◆ Task requirements ◆
Everything from the line with "TELESIN Selfie Stick" to the final line of the entries is to be set down exactly, except the pictures.

· · ·

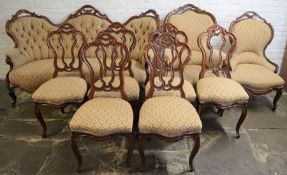 Victorian salon suite comprising 3 peak high back sofa, lady's & gent's arm chairs & 6 occasional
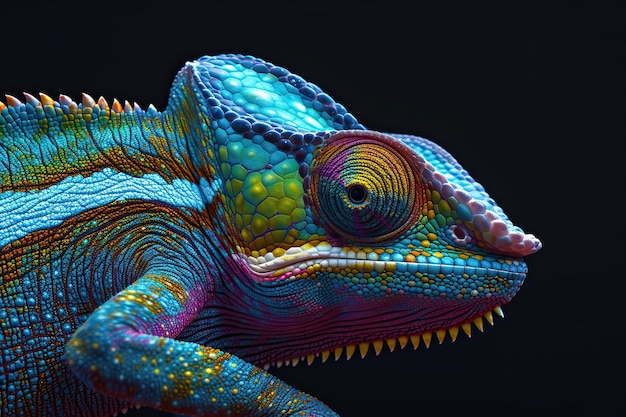 colorful chameleon sitting on black background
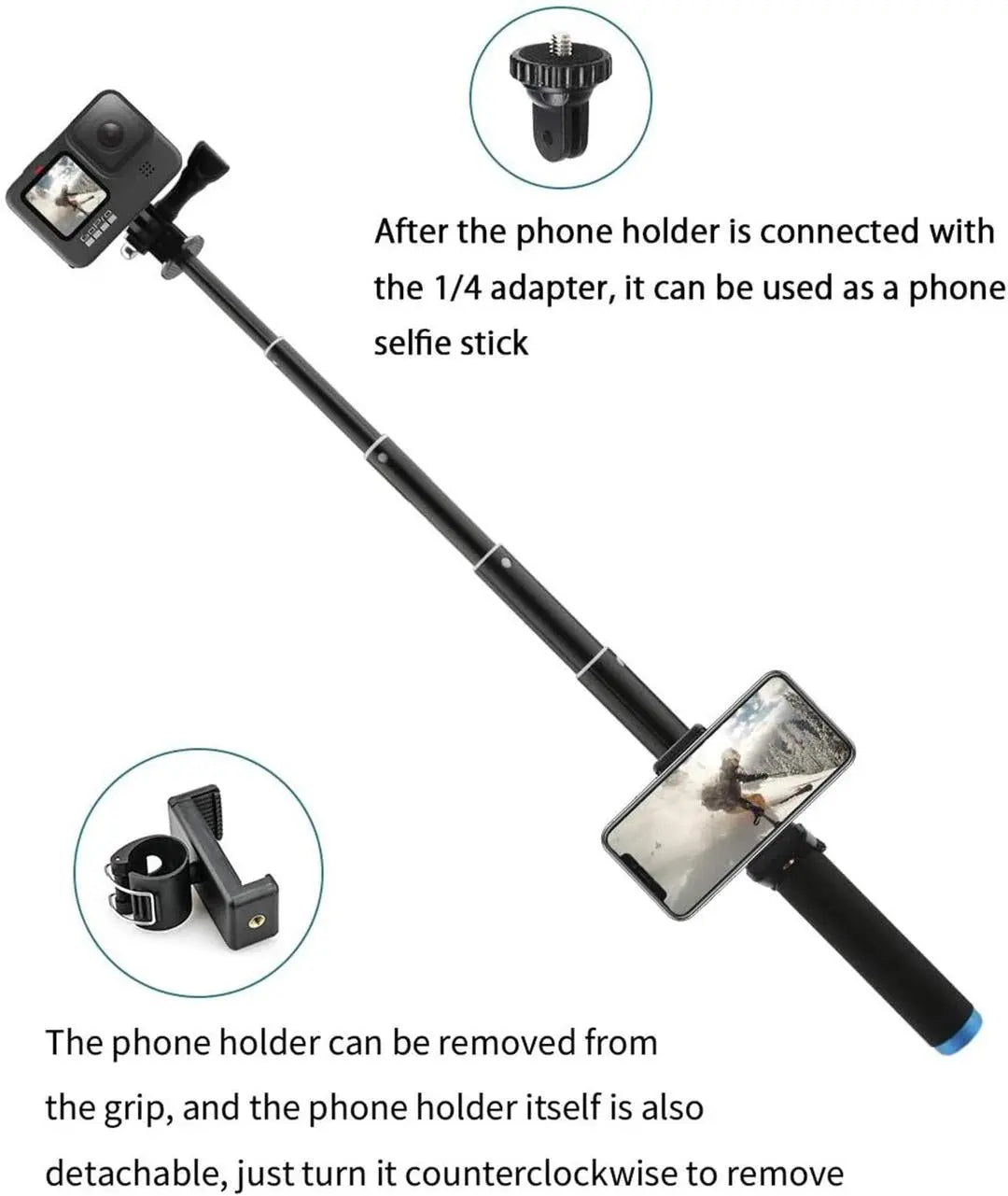 TELESIN Selfie Stick Monopod With Tripod Mount For GoPro HERO DJI Osmo Insta360, 20121303 TELESIN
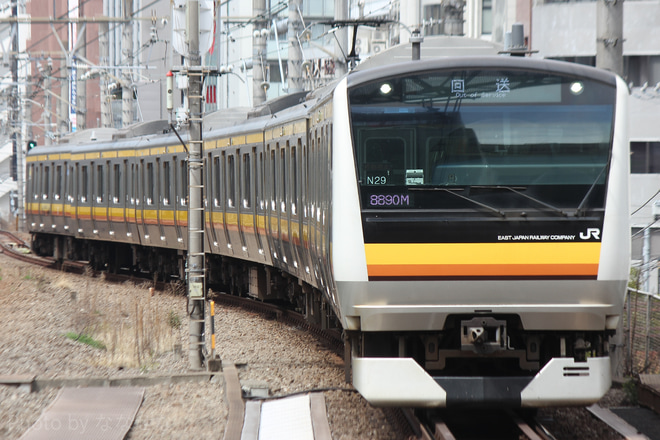 【JR東】E233系ナハN29編成 東京総合車両センター入場を恵比寿駅で撮影した写真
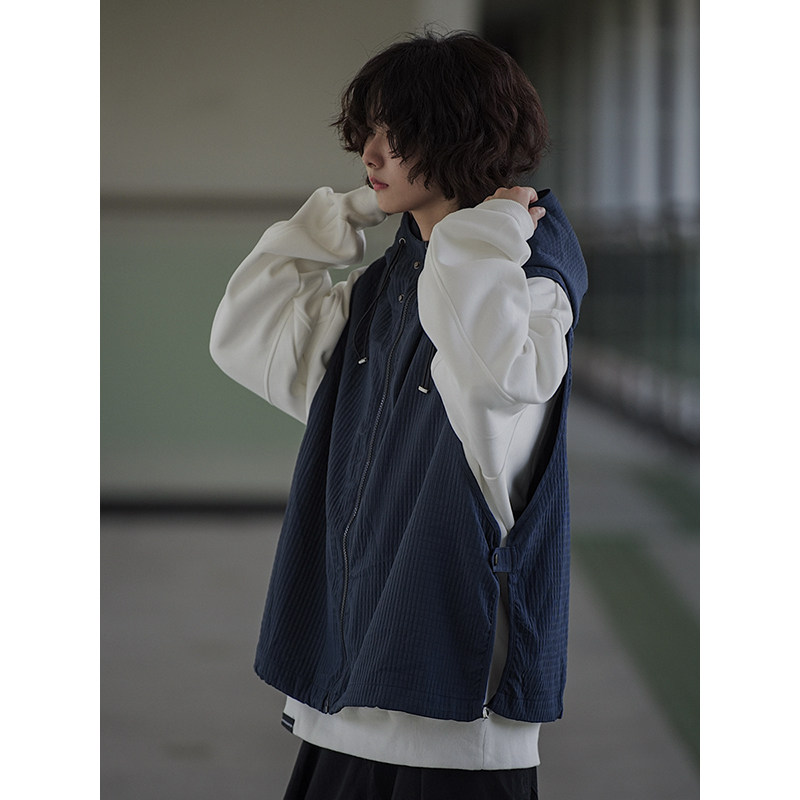 水曜日定休 日系春季连帽马甲背心男cityboy工装户外宽松无袖外套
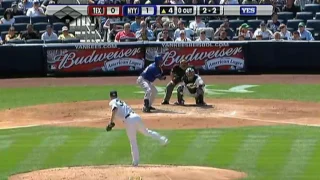 2009 Yankees: A.J. Burnett pitches 6 innings, strikes out 12, allows 3 runs vs Rangers (8.27.09)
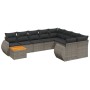 Set Divano da Giardino 10 pz con Cuscini Grigio in Polyrattan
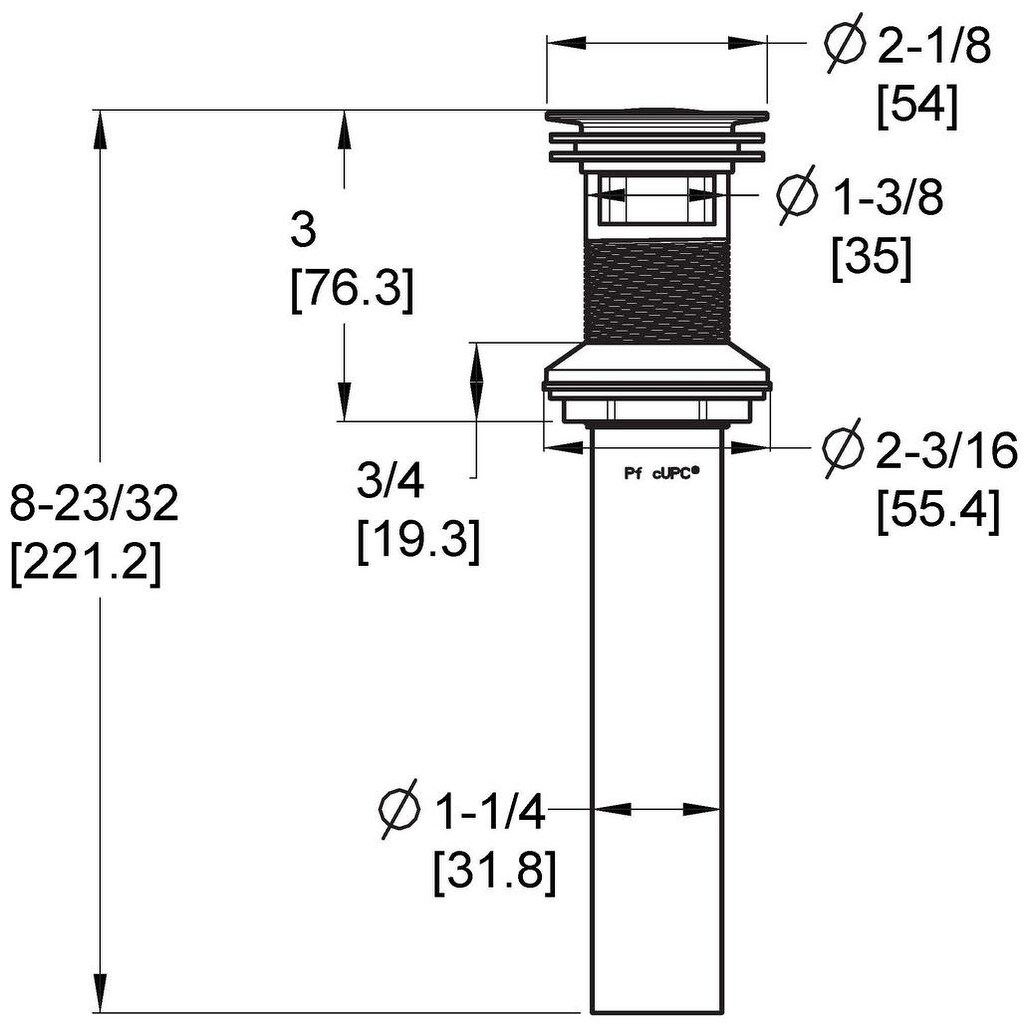 Pfister Genuine Replacement Part Push and Seal All Metal Drain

· · ·

◆ Answer to this problem ◆
 TELESIN Selfie Stick Monopod With Tripod Mount For GoPro HERO DJI Osmo Insta360, 20121303 TELESIN
 【JR東】E233系ナハN29編成 東京総合車両センター入場を恵比寿駅で撮影した写真
 水曜日定休 日系春季连帽马甲背心男cityboy工装户外宽松无袖外套
 2009 Yankees: A.J. Burnett pitches 6 innings, strikes out 12, allows 3 runs vs Rangers (8.27.09)
 Set Divano da Giardino 10 pz con Cuscini Grigio in Polyrattan
 Pfister Genuine Replacement Part Push and Seal All Metal Drain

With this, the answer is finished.